6 ottobre 2011

FerroVecchio

‎"L’unico modo di fare un gran bel lavoro è amare quello che fate."

Steve Jobs


Per me va bene così, otto ore al giorno al tavolo da stiro nel seminterrato in cambio di una busta con dieci pezzi da cinquanta a fine mese.

"Già sbuffano i ferri" - dice il masto - "non possiamo metterci a sbuffare pure noi".
Neanche quando partono le centrifughe e tremano le pareti del locale.
Neanche alle tre del pomeriggio che pare un bagno turco con tutto quel vapore.
Neanche quando arrivano i carichi dei matrimoni dagli alberghi e si finisce a mezzanotte.
C'è la fila di polacche fuori alla porta.

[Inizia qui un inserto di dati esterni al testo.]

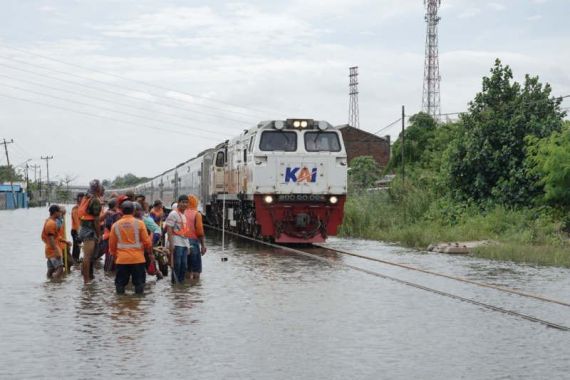 Perjalanan Kereta dari Semarang Tujuan Jakarta Dibatalkan, Ini Penyebabnya - JPNN.COM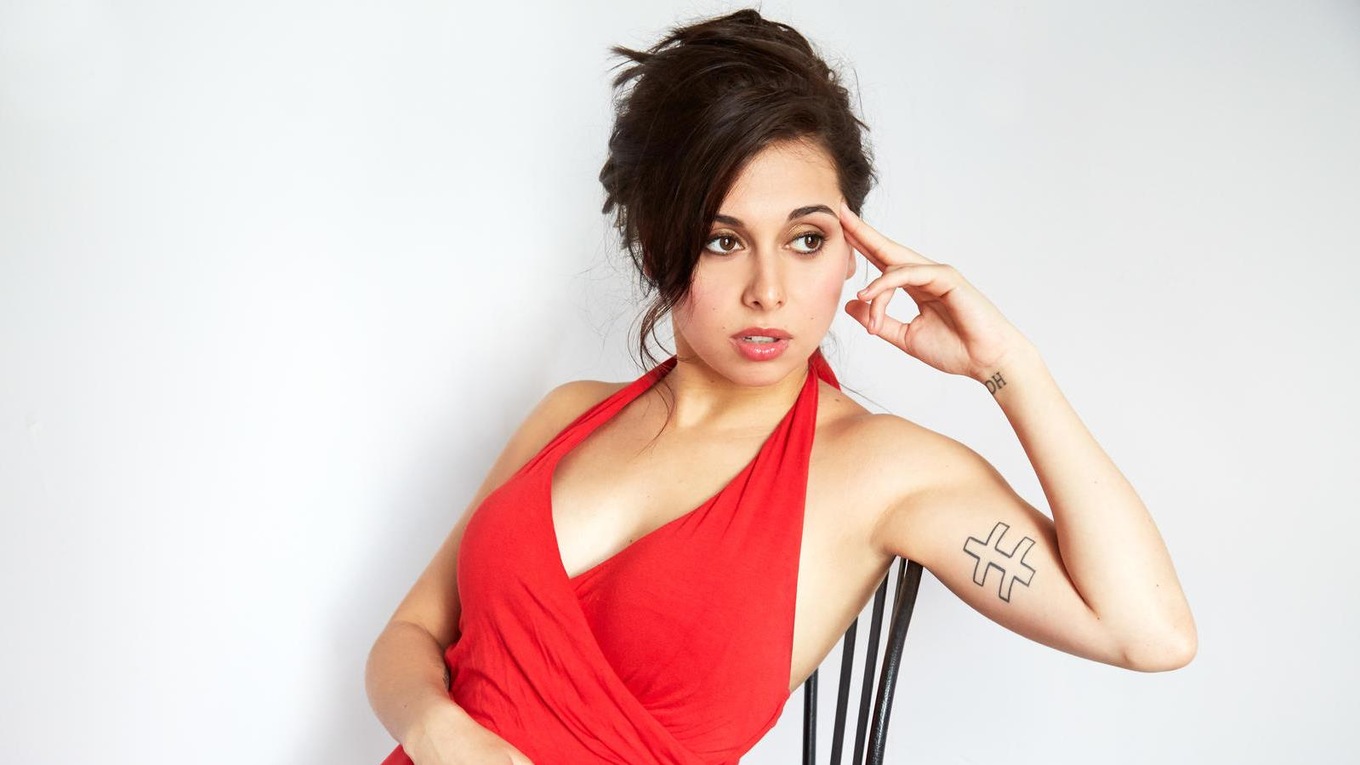 Veronica Swift.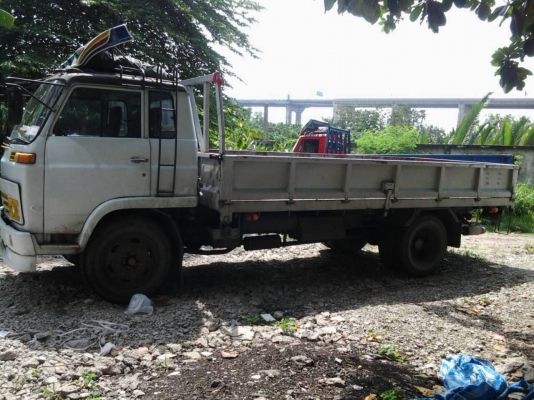 ขาย รถบรรทุก 6 ล้อ ISUZU ยาว 5.1 เมตร พร้อมใช้ ขาย รถบรรทุก 6 ล้อ ISUZU ยาว 5.1 เมตร พร้อมใช้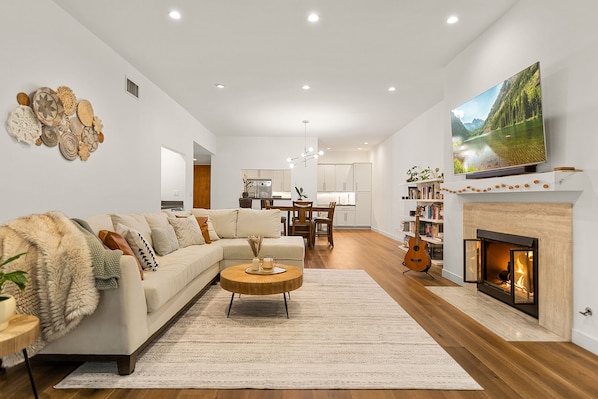 Smart TV, fireplace, books, offices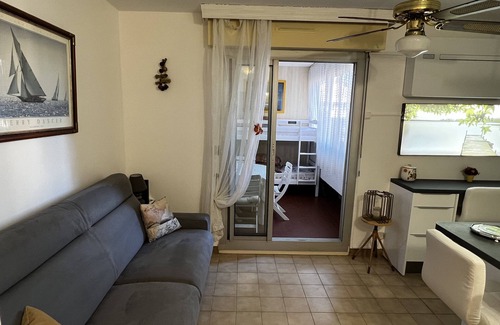 Le Pradet Apartamento | Air-conditioned studio near Les Bonnettes & Monaco beaches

Io non sbuffo e con il ferro percorro chilometri di tovaglie e asciugamani.
Le prime della giornata mi gratificano sempre: pare quasi di cercare l'ordine in mezzo a quell'insieme di pieghe e sgualciture.
Poi, dopo un po', mi annoio, inizio a sudare, la vista si affatica per colpa dei neon...
Allora vado avanti "in automatico", pausa su pausa, fino a fine turno.
Ma senza mai rallentare, nè lamentarmi.
C'è la fila di ucraine fuori alla porta.

La sera mi porto la vibrazione delle centrifughe fino a dentro al letto.
In più, da qualche mese, prendo regolarmente antidolorifici per la schiena, dovendo stare in piedi tutta la giornata.
Allora mi sale la paura di malattie improvvise, perchè so di non potermele permettere.
E mi viene pure il pensiero della pensione che non sto maturando.
Di nascosto mi chiedo se sia una condizione umana quella a cui mi sottopongo.

Poi penso che a tavola non ci metto la Dignità, e allora - rassegnandomi - trovo pace.
C'è la fila di cinesi fuori alla porta.


In memoria delle operaie cadute sul lavoro a Barletta.